One of the most striking takeaways from our meeting with Sunseap is their ambitious plan for future development and expansion; they aim to bring their production to 100 MW by the end of 2015 and double production every year thereafter. Prior to this meeting, we were under the impression that solar technology was too expensive and could not be brought to scale. However, our interview with Mr Lee taught us that with the right management and financial innovation, solar energy can be cost competitive.

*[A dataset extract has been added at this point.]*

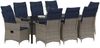 vidaXL Tisch- und Stuhlset mit Kissen 9 pcs Grau PE-Rattan 3379596 Bild 3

This public perception that solar energy is not financially viable is another hurdle that Sunseap has been working to overcome, and the Government’s cooperation in installing solar on the roofs of HDB flats has been a catalyst in encouraging businesses and other organisations to adopt cleaner energy. We were inspired by the rapid growth and promising future of Sunseap, and we hope that it can serve as a model to bring solar energy to scale both regionally and worldwide.

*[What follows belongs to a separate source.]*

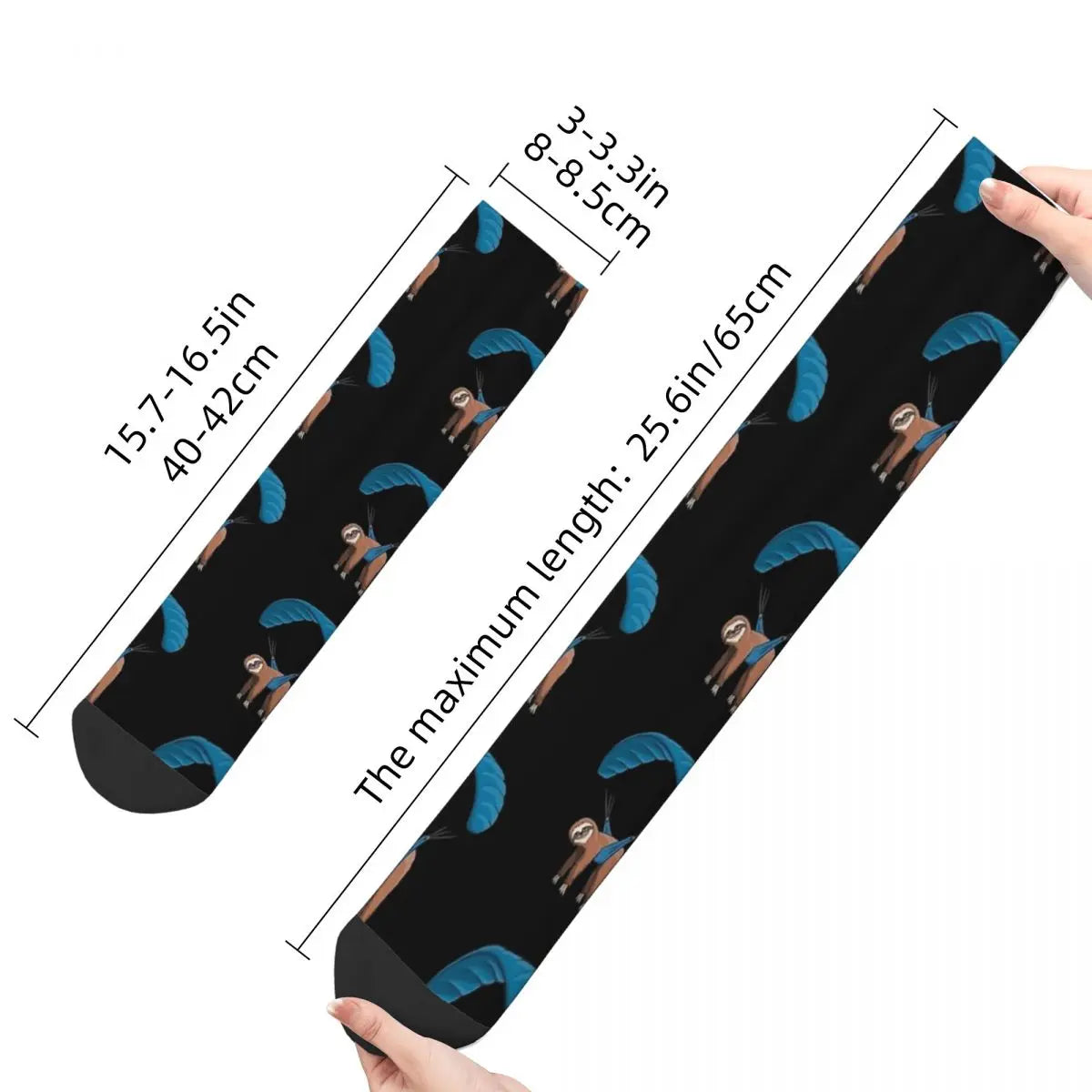 Paragliding Flying Sloth Socks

Mr Lee also touched on the shifts in culture that Sunseap was trying to create. By leasing solar panels and taking the hassle out of solar energy, Sunseap endeavoured to encourage greater adoption of solar panels. This has been very successful. When we asked about Sunseap’s customer base, he replied that they were growing at very high rate, as their big projects have informed other customers, and many different corporations have approached them for their services. This massive increase in solar panel adoption, he hopes, will bring the awareness that solar is a viable option for everyone.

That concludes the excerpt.